Ainsi, en ce qui les concerne, deux personnes morales effectuent des activités distinctes : ventes judiciaires dans le cadre d'un office et ventes volontaires dans le cadre d'une société, mais elles sont rattachées à la même personne physique.
Afin d'assurer une égalité de traitement entre les opérateurs, le Sénat a permis aux sociétés de ventes constituées par des commissaires-priseurs judiciaires, qui ne seront plus limitées à un objet civil, d'exercer des activités de transport de meubles, de presse, d'édition et de diffusion de catalogues, pour les besoins des ventes qu'elles sont chargées d'organiser.
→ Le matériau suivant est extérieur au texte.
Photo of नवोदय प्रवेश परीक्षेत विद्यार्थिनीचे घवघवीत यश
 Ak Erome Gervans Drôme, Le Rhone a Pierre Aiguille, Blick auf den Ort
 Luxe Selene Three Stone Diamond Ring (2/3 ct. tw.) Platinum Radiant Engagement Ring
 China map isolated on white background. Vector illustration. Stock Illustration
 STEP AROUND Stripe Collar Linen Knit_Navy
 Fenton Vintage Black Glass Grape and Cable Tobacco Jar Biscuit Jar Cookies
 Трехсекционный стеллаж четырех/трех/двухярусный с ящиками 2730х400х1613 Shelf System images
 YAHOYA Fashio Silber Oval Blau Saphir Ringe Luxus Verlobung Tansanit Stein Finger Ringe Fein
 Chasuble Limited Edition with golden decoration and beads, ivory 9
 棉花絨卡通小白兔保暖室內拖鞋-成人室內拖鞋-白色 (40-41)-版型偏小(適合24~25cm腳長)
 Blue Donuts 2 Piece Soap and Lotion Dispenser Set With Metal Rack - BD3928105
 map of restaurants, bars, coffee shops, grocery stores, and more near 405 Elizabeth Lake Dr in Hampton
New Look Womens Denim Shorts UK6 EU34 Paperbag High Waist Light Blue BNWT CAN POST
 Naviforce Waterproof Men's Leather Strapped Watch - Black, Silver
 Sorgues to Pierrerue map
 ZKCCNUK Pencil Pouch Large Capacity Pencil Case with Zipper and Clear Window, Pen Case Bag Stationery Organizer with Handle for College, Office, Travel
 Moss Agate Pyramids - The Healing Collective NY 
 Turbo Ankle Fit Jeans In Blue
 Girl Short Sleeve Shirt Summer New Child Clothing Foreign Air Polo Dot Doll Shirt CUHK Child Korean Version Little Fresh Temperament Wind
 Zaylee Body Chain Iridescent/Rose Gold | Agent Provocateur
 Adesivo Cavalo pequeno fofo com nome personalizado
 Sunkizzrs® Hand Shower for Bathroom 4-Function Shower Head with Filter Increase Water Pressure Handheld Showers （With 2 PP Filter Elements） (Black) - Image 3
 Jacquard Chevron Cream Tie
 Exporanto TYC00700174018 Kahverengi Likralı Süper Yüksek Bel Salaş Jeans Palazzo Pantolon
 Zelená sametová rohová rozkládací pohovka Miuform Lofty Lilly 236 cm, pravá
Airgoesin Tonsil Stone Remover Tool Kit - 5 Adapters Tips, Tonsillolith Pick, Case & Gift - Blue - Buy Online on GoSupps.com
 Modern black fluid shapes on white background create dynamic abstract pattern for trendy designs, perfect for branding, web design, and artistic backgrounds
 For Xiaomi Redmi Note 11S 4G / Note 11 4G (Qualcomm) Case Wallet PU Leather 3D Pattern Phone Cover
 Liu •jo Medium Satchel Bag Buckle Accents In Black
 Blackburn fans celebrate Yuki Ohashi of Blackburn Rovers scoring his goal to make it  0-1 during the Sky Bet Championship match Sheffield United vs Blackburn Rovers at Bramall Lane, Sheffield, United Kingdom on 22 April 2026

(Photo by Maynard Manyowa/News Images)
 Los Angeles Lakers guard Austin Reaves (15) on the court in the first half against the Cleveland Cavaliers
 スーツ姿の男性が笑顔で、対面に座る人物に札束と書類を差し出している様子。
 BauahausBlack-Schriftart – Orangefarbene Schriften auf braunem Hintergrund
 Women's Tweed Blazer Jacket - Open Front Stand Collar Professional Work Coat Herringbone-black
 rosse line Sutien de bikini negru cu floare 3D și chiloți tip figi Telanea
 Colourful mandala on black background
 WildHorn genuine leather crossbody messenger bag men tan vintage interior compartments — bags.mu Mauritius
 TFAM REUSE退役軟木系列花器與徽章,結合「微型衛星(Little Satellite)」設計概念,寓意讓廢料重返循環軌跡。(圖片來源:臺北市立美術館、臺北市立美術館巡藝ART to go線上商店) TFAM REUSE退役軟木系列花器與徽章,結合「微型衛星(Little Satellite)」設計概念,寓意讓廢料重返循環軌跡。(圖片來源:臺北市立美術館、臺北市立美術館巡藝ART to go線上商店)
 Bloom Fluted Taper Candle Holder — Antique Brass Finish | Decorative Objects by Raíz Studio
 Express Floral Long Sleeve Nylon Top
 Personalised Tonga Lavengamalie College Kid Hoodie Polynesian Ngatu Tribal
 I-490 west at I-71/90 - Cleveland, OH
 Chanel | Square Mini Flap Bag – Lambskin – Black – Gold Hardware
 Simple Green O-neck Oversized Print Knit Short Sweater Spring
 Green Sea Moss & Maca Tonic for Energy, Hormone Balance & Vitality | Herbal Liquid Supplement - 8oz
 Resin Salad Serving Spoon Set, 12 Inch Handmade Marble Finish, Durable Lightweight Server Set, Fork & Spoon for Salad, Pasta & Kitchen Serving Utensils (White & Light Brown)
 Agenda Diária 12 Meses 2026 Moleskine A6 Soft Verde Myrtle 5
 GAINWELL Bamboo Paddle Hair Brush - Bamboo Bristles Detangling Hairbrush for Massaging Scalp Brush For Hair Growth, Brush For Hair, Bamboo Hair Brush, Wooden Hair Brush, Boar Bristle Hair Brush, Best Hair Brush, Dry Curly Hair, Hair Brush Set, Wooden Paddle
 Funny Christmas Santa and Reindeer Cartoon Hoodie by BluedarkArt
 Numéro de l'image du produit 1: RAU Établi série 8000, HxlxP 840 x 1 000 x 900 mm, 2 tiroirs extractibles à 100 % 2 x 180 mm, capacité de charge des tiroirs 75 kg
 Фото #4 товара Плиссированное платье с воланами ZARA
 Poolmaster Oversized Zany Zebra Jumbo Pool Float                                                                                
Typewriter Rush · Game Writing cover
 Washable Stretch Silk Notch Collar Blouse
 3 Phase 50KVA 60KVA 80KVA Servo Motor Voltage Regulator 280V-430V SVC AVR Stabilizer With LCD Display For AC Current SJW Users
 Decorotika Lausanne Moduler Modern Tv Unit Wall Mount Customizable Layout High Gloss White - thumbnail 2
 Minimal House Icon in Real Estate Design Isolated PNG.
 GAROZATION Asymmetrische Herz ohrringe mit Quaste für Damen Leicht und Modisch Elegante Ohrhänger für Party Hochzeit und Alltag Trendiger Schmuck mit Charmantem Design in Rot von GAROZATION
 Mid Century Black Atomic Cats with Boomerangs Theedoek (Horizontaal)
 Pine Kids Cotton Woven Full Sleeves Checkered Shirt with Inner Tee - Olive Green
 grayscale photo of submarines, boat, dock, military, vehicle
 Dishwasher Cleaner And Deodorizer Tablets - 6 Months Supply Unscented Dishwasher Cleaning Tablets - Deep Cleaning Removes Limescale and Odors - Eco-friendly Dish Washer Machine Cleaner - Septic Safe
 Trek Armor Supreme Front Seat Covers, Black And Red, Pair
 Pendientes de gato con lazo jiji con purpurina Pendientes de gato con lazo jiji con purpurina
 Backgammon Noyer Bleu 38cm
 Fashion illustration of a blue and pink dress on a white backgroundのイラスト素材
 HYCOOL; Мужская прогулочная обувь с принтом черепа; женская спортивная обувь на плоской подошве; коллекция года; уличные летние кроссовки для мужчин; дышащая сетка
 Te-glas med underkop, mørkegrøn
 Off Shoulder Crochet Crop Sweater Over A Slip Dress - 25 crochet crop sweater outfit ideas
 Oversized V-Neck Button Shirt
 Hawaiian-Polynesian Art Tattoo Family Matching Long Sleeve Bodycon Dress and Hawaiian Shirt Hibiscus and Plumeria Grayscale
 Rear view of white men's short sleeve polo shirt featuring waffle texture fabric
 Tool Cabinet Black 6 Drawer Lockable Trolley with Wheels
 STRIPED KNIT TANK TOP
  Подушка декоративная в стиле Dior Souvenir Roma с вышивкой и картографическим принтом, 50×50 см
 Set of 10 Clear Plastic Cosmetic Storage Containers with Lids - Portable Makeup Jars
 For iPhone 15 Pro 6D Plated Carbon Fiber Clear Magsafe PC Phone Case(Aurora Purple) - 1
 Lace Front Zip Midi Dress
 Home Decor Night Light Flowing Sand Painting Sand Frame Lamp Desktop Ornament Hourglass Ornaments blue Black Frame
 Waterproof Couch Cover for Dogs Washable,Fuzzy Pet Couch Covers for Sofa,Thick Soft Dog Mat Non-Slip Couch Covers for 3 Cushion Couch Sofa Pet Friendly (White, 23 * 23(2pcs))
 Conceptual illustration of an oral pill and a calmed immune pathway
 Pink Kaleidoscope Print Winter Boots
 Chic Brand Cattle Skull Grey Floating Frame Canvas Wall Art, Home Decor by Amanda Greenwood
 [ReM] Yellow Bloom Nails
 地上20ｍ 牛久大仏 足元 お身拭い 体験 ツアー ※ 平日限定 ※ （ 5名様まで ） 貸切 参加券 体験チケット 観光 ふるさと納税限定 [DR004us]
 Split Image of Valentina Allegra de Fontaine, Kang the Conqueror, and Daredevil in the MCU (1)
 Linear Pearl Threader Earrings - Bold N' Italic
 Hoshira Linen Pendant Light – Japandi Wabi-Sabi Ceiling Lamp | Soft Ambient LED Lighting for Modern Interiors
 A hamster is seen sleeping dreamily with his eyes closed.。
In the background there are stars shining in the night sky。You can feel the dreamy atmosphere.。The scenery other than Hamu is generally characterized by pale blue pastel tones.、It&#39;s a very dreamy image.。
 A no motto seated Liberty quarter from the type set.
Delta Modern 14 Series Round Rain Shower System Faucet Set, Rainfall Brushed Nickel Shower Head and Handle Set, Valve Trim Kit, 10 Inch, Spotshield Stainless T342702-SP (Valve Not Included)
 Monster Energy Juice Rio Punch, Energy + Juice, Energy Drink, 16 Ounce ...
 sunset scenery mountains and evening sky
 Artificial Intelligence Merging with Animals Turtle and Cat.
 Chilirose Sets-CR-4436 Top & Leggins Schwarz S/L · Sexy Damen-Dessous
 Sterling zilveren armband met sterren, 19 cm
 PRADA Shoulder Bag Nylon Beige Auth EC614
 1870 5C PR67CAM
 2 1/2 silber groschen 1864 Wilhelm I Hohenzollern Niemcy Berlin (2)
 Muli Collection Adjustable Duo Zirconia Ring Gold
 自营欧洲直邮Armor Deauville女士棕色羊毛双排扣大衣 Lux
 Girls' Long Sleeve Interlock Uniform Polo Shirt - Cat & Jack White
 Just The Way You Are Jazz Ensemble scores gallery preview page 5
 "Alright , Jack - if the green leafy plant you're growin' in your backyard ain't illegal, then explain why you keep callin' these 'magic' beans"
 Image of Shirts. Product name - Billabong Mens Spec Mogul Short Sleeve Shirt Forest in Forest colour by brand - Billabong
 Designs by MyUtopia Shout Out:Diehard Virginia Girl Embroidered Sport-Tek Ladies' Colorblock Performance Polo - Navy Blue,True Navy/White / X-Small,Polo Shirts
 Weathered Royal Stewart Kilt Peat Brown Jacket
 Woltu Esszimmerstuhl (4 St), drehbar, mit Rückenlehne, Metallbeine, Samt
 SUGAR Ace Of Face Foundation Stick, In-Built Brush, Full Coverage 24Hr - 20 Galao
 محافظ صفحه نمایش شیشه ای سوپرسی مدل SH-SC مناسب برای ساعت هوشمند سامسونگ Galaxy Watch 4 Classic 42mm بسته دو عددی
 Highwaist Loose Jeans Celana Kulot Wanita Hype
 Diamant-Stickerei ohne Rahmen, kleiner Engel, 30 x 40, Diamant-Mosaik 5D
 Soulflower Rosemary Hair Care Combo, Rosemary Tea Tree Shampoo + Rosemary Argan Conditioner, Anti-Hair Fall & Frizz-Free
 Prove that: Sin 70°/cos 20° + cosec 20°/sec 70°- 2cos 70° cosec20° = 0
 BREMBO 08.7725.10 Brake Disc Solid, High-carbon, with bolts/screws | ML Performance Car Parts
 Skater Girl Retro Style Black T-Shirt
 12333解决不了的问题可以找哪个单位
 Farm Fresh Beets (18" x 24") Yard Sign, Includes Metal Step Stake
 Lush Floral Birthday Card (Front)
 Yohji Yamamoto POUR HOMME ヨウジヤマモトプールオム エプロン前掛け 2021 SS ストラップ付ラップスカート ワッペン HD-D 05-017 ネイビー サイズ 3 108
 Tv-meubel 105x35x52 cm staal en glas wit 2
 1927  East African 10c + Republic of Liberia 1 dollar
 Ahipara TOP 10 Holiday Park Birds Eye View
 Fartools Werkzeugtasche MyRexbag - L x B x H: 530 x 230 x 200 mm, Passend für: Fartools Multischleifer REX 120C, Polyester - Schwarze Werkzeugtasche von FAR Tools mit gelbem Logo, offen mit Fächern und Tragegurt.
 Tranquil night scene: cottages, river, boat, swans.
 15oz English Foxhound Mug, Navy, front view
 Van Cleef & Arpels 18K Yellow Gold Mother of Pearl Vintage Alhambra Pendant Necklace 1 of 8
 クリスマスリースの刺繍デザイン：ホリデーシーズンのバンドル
Il convient de conforter cette égalité de traitement, en ouvrant un peu plus les possibilités d'activité des sociétés de ventes volontaires dans lesquelles interviennent des commissaires-priseurs judiciaires.
J'en arrive aux courtiers de marchandises assermentés : ils sont 200 en France et leur statut a évolué. Je les ai reçus et j'ai constaté qu'ils étaient très spécialisés. Ainsi, il n'existe qu'un spécialiste de le vente en gros de riz en France et il est le courtier de marchandises assermenté pour cette denrée. Bien sûr, il est installé en Camargue et on fait appel à lui pour les certificats de cours et les estimations dans toute l'Europe. Compte tenu de cette spécialisation, il faut limiter l'activité de ces courtiers à la vente de marchandise en gros et je ne comprends pas pourquoi on a voulu ouvrir leur activité à la vente au détail.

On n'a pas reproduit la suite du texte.